DIRECTIONS FOR THIS TASK: Quote the entries below from the line with "FALCONERI Синий хлопковый" through the line with "TESSAN Listwa Zasilająca", both ends included, and only those lines.

SOURCE INFORMATION:
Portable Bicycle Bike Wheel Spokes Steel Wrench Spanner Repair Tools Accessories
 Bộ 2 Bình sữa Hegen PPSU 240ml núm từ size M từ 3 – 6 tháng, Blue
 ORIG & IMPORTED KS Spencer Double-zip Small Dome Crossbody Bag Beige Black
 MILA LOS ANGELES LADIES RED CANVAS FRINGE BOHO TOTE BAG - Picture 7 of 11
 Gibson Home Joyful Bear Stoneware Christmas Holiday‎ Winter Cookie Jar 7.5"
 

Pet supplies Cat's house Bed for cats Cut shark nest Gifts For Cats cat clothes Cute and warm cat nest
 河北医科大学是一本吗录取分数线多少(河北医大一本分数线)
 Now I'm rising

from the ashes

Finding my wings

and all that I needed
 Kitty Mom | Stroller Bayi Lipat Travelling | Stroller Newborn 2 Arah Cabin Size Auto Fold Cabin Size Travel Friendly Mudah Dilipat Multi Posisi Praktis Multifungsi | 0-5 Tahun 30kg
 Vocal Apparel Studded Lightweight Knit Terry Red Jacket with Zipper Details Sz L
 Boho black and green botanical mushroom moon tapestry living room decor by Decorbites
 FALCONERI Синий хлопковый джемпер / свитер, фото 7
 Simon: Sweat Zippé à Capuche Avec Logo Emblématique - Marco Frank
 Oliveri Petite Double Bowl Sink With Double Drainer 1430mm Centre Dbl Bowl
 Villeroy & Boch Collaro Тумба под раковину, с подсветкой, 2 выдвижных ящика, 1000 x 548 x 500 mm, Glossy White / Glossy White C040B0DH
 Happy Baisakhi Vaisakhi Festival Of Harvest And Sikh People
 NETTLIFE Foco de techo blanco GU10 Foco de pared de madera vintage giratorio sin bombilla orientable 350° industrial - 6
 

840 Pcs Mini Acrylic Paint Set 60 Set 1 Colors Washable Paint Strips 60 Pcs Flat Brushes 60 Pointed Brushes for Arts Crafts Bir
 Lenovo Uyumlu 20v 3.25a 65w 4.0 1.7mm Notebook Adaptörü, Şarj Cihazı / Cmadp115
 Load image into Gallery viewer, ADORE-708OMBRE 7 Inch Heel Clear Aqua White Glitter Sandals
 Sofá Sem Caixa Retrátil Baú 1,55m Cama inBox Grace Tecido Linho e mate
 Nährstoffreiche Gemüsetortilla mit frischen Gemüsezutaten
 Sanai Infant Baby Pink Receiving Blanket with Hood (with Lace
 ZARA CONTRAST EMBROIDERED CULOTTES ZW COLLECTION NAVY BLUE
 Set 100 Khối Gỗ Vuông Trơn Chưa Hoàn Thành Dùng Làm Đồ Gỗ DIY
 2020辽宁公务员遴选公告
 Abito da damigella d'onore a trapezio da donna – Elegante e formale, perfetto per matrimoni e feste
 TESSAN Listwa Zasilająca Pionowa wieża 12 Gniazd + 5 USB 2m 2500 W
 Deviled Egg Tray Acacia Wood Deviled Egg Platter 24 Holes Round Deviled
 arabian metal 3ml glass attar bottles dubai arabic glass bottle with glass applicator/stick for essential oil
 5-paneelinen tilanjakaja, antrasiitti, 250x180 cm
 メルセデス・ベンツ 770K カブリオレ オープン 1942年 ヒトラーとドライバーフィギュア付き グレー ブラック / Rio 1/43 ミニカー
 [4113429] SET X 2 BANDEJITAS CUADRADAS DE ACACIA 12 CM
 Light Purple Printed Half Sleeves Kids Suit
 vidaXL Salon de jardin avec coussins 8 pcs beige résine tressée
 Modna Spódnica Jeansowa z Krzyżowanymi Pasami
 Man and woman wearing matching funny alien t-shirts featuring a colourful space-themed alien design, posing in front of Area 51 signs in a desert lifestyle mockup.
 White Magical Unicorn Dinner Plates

WRITTEN ANSWER:
 FALCONERI Синий хлопковый джемпер / свитер, фото 7
 Simon: Sweat Zippé à Capuche Avec Logo Emblématique - Marco Frank
 Oliveri Petite Double Bowl Sink With Double Drainer 1430mm Centre Dbl Bowl
 Villeroy & Boch Collaro Тумба под раковину, с подсветкой, 2 выдвижных ящика, 1000 x 548 x 500 mm, Glossy White / Glossy White C040B0DH
 Happy Baisakhi Vaisakhi Festival Of Harvest And Sikh People
 NETTLIFE Foco de techo blanco GU10 Foco de pared de madera vintage giratorio sin bombilla orientable 350° industrial - 6
 

840 Pcs Mini Acrylic Paint Set 60 Set 1 Colors Washable Paint Strips 60 Pcs Flat Brushes 60 Pointed Brushes for Arts Crafts Bir
 Lenovo Uyumlu 20v 3.25a 65w 4.0 1.7mm Notebook Adaptörü, Şarj Cihazı / Cmadp115
 Load image into Gallery viewer, ADORE-708OMBRE 7 Inch Heel Clear Aqua White Glitter Sandals
 Sofá Sem Caixa Retrátil Baú 1,55m Cama inBox Grace Tecido Linho e mate
 Nährstoffreiche Gemüsetortilla mit frischen Gemüsezutaten
 Sanai Infant Baby Pink Receiving Blanket with Hood (with Lace
 ZARA CONTRAST EMBROIDERED CULOTTES ZW COLLECTION NAVY BLUE
 Set 100 Khối Gỗ Vuông Trơn Chưa Hoàn Thành Dùng Làm Đồ Gỗ DIY
 2020辽宁公务员遴选公告
 Abito da damigella d'onore a trapezio da donna – Elegante e formale, perfetto per matrimoni e feste
 TESSAN Listwa Zasilająca Pionowa wieża 12 Gniazd + 5 USB 2m 2500 W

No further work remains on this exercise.